(Items from a data source)

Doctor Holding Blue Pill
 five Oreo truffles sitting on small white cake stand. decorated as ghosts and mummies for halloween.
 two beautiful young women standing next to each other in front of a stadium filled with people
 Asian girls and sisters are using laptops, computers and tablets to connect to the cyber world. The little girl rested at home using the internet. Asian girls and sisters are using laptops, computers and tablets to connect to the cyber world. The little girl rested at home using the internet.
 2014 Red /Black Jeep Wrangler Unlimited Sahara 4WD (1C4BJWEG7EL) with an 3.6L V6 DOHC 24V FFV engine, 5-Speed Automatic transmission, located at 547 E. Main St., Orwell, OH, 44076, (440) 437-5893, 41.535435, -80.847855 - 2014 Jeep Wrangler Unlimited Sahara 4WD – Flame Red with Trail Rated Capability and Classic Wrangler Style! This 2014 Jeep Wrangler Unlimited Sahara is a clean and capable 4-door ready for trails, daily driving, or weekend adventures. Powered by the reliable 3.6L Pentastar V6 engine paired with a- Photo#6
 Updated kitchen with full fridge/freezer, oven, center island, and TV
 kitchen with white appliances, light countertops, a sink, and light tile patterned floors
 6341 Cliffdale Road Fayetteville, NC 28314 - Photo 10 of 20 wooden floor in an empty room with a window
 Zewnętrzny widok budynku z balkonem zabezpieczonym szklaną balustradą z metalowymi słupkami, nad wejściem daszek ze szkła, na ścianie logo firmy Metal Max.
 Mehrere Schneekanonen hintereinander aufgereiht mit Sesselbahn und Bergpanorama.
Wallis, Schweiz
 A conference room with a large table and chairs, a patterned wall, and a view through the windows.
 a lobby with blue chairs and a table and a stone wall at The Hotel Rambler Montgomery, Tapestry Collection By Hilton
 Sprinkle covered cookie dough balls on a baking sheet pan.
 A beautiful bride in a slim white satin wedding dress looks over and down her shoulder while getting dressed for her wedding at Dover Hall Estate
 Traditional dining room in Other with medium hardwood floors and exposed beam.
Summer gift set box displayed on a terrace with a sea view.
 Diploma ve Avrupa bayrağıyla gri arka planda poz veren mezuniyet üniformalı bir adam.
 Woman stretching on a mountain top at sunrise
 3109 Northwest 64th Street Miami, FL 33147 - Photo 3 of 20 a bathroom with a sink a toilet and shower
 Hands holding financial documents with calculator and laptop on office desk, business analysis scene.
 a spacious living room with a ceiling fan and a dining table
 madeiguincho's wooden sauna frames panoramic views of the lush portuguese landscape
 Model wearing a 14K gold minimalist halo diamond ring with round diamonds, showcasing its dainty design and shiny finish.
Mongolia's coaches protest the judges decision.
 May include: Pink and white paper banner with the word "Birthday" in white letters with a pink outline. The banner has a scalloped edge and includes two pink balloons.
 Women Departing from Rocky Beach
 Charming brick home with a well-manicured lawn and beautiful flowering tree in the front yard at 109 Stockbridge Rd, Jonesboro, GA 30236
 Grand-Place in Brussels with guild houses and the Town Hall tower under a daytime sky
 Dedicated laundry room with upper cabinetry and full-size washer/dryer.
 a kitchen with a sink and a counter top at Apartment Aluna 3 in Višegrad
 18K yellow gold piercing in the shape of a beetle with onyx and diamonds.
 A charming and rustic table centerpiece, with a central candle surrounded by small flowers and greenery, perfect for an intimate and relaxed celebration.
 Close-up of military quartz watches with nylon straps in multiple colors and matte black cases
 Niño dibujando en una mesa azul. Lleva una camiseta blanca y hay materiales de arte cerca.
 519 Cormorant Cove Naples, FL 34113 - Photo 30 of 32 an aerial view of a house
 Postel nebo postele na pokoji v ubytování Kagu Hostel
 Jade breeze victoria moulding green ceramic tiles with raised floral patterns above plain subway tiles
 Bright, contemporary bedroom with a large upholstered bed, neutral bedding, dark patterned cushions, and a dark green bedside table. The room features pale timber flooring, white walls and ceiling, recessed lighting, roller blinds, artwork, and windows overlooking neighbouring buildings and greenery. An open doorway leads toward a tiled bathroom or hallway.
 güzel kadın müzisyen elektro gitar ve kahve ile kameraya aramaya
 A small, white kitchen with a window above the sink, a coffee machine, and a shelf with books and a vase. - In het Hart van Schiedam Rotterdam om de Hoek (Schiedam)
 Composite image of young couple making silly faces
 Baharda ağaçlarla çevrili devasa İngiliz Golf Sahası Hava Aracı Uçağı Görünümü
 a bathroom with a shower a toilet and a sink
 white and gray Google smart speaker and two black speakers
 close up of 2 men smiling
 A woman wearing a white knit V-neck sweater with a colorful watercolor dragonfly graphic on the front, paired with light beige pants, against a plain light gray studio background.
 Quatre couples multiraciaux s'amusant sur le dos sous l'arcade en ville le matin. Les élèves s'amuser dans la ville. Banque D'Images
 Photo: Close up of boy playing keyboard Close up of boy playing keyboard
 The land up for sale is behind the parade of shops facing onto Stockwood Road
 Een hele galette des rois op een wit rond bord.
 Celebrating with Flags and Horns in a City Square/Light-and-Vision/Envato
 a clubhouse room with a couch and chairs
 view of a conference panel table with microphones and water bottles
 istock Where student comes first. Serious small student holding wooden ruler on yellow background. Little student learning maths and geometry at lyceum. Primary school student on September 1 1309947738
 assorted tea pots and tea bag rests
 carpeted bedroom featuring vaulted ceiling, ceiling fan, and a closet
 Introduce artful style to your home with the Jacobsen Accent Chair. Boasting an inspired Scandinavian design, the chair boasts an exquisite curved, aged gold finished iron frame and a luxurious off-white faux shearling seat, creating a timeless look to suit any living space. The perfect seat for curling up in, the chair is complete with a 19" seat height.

- _Prompt_:
Above are the records; copy exactly the lines from the one with "A woman wearing" through the final line.

- _Result of this exercise_:
 A woman wearing a white knit V-neck sweater with a colorful watercolor dragonfly graphic on the front, paired with light beige pants, against a plain light gray studio background.
 Quatre couples multiraciaux s'amusant sur le dos sous l'arcade en ville le matin. Les élèves s'amuser dans la ville. Banque D'Images
 Photo: Close up of boy playing keyboard Close up of boy playing keyboard
 The land up for sale is behind the parade of shops facing onto Stockwood Road
 Een hele galette des rois op een wit rond bord.
 Celebrating with Flags and Horns in a City Square/Light-and-Vision/Envato
 a clubhouse room with a couch and chairs
 view of a conference panel table with microphones and water bottles
 istock Where student comes first. Serious small student holding wooden ruler on yellow background. Little student learning maths and geometry at lyceum. Primary school student on September 1 1309947738
 assorted tea pots and tea bag rests
 carpeted bedroom featuring vaulted ceiling, ceiling fan, and a closet
 Introduce artful style to your home with the Jacobsen Accent Chair. Boasting an inspired Scandinavian design, the chair boasts an exquisite curved, aged gold finished iron frame and a luxurious off-white faux shearling seat, creating a timeless look to suit any living space. The perfect seat for curling up in, the chair is complete with a 19" seat height.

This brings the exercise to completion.